READ | Covid-19: SA records 13 347 new cases as death toll climbs by 226

The Muslim Judicial Council SA (MJCSA) stated that all Masajid must temporarily suspend all activities for the next 14 days.

"The new Delta variant and its level of transmissibility, as well as the preventative measures adopted by our government, have necessitated that the manner in which Muslims conduct their religious obligations align with the universal imperative of containing the spread of the virus," the MJCSA said in a statement.

"Muslims, as much as they carry the obligation of certain religious observances, also share with all the other South Africans and citizens of the world the civil responsibility of ensuring safety and preserving life."

'Goal of saving lives'

READ | Covid-19: Western Cape teachers brace the cold to be vaccinated

Synagogues had already closed in some parts of the country before the announcement of the new restrictions, said SA Jewish Board of Deputies national director Wendy Kahn.

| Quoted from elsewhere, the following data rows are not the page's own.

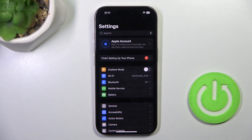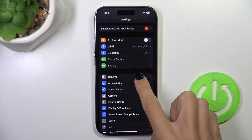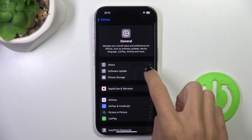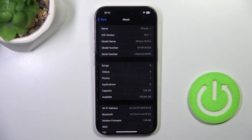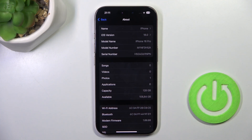At first, open the Settings, then scroll down and select General, and now tap About. And here, at the top of the list, you will find the serial number assigned to your device. Thank you for watching!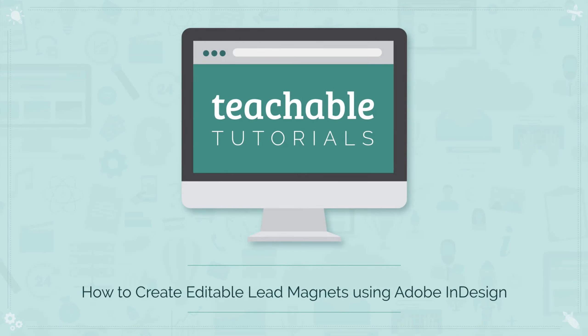In this video, I'm going to show you how you can use InDesign to create a gorgeous and editable workbook for your audience.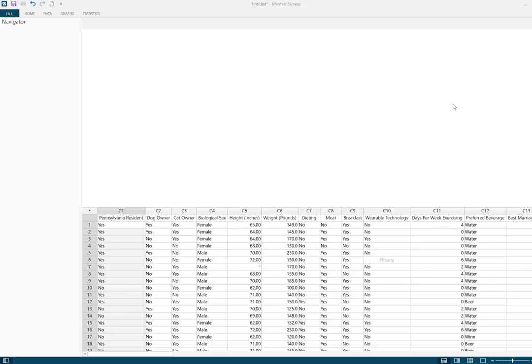This is the Spring 17 data MTW file. These data were collected from a representative sample of World Campus Stat 200 students. The variable labeled Preferred Beverage had three different options: beer, water, or wine. We're going to compare the weights of participants who chose beer, water, and wine. Since we're comparing the means of three independent groups, a one-way ANOVA is the appropriate analysis. When we run this, Minitab Express will give us the descriptive statistics needed to check the assumptions related to sample size and standard deviation.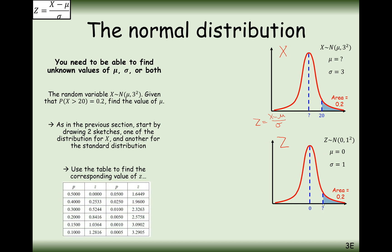First we find the unknown marker on the standard normal distribution. We know the area above that marker is 0.2, so using the formula booklet we find that value is 0.8416. Now we can link 0.8416 to 20 using the coding process. The Z value is 0.8416, the X value is 20, and we know the standard deviation, so we have one unknown to solve for.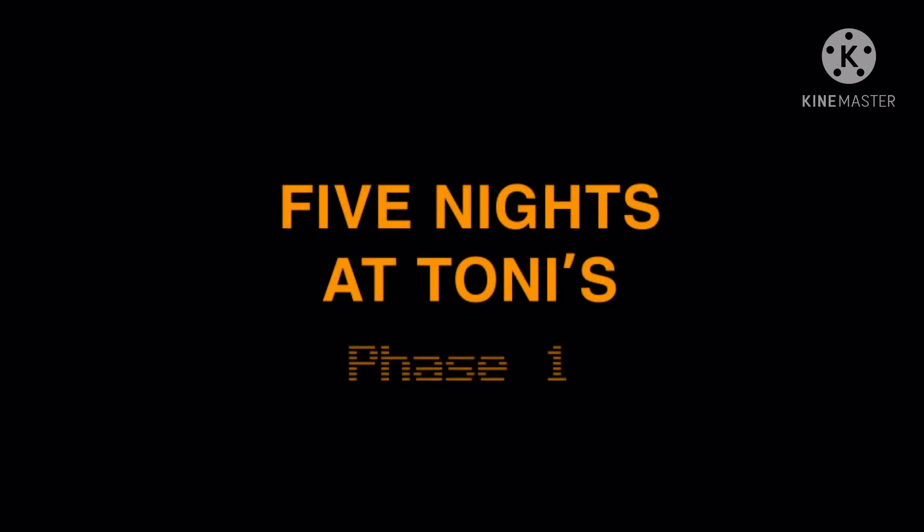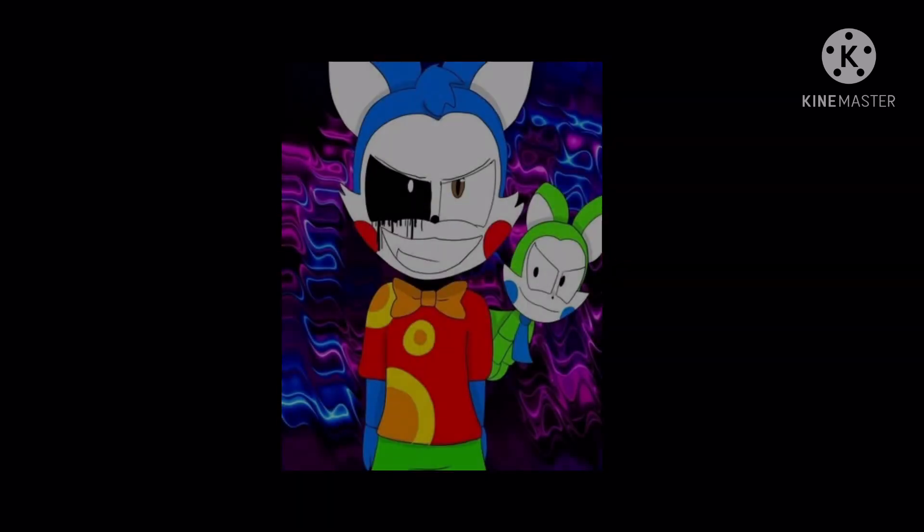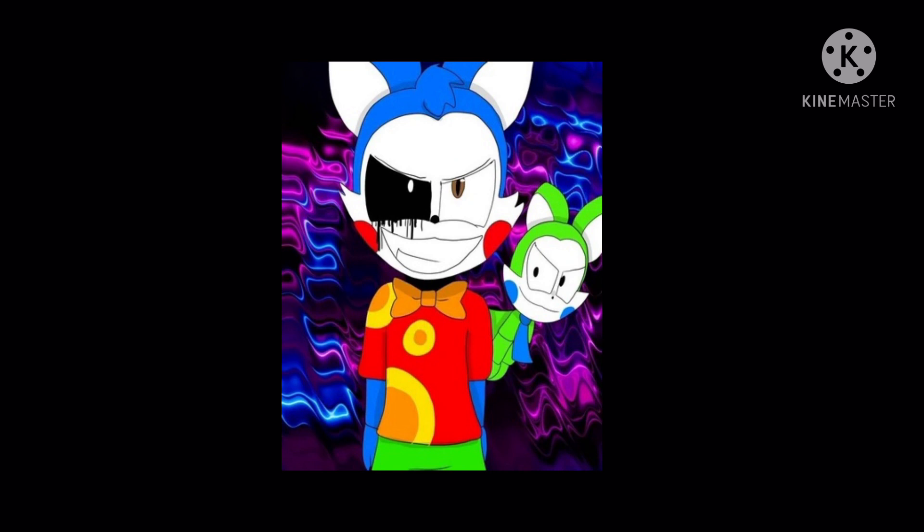today we are going to be reading Five Nights at Tony's. This is not written by me at all. This is actually written by Candy himself, Candy Cat Plus Productions. So go subscribe to him, because he wrote this amazing novel, and I'm going to be reading through night one. Well, part of night one, because if I do it too long, then the video will probably not be uploaded on YouTube. But anyway, let's get started with the story, starting with night one.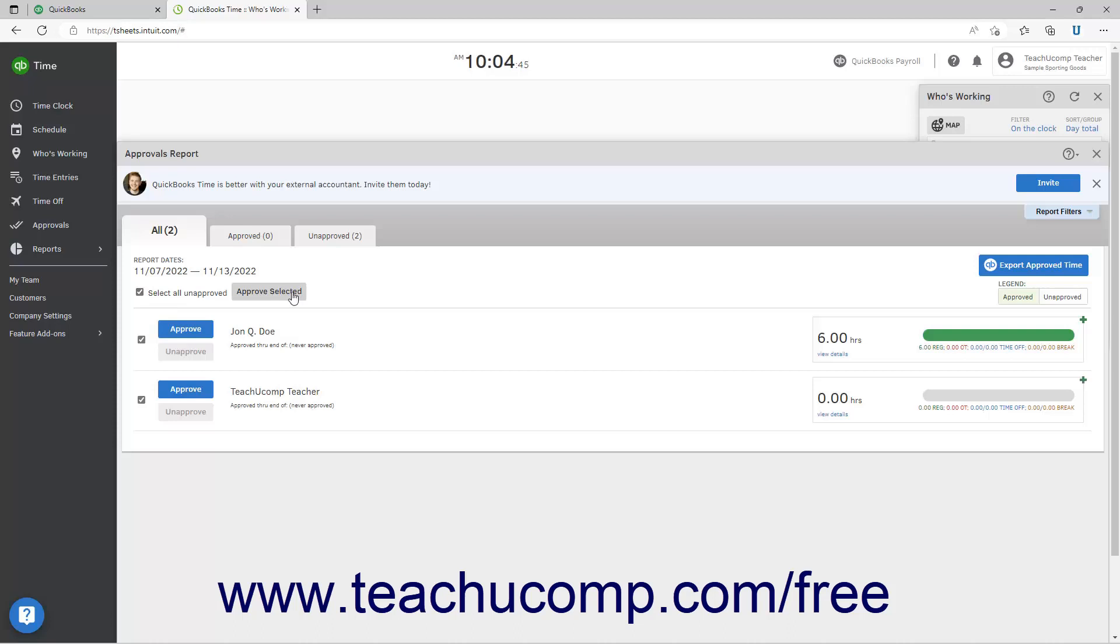If approving and locking time for days that aren't over yet, a browser warning message confirmation box appears to ask if you really want to do this. To continue to confirm the approval, click the OK button in the browser warning message confirmation box that then appears. Otherwise, click the cancel button.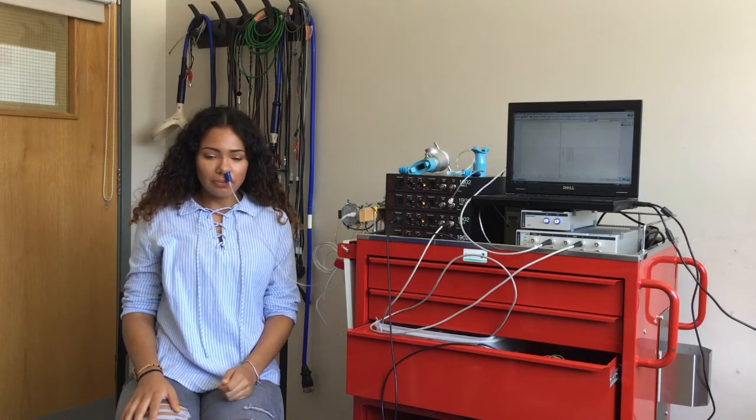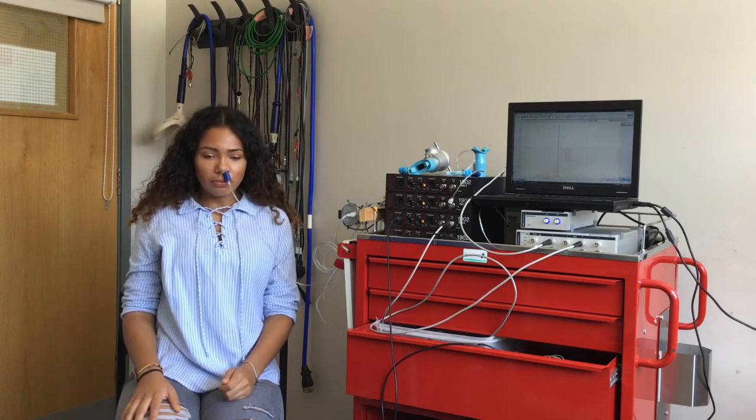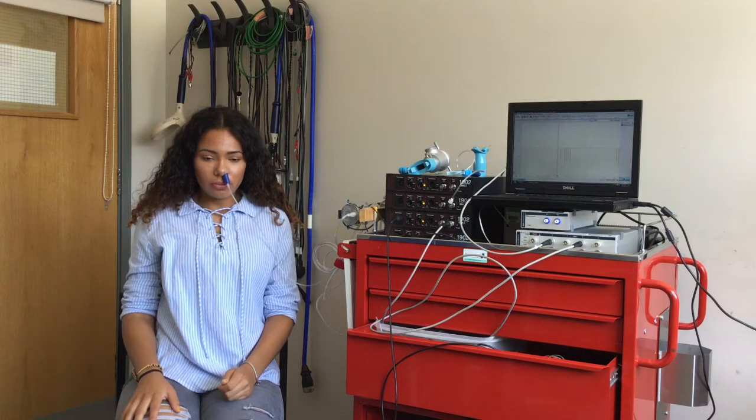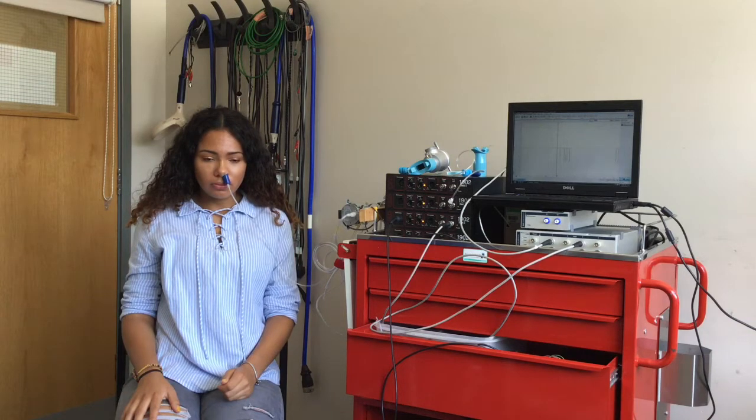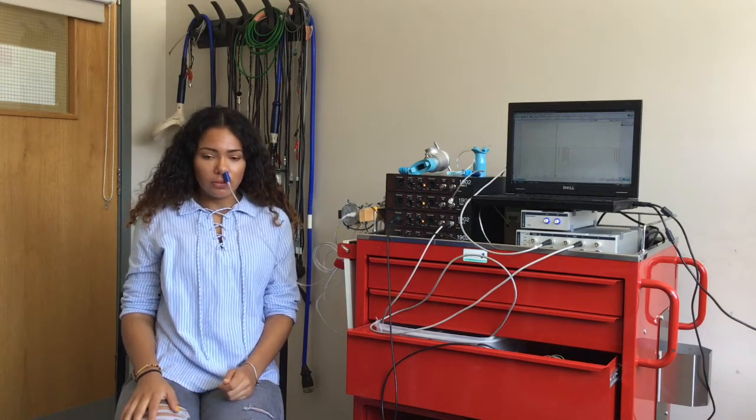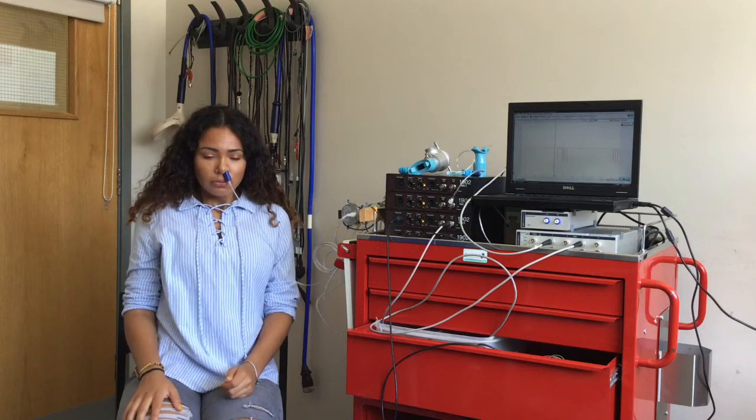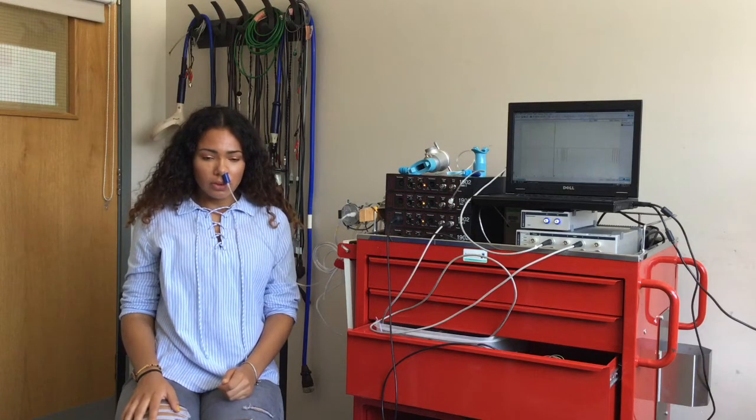Inspiratory muscle strength can be measured by asking the patient to sniff in through the open nostril for as hard as they can in one big sniff with a nose bung attached to a pressure sensor inserted into the other nostril.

"Jewish religious leadership, in consultation with medical experts, took the decision to close Gauteng synagogues two weeks ago in light of escalating rates of infection," she said.

She said:

It is incredibly hard for religious communities to not be able to join together in prayer, especially during such challenging times. However, we understand the imperative of limiting gatherings to curb the further spread of the virus and, with the goal of saving lives, support these measures.

Archbishop of the Anglican Church of Southern Africa Thabo Makgoba said many churches had already moved to online services before the president's announcement.

"Church dioceses in Gauteng and one in the Western Cape had already moved all their services online before the president prohibited all gatherings. [I] have always urged bishops to make protecting the lives and health of church members their top priority, and [my] Covid advisory team always advises churches to err on the side of caution," he said.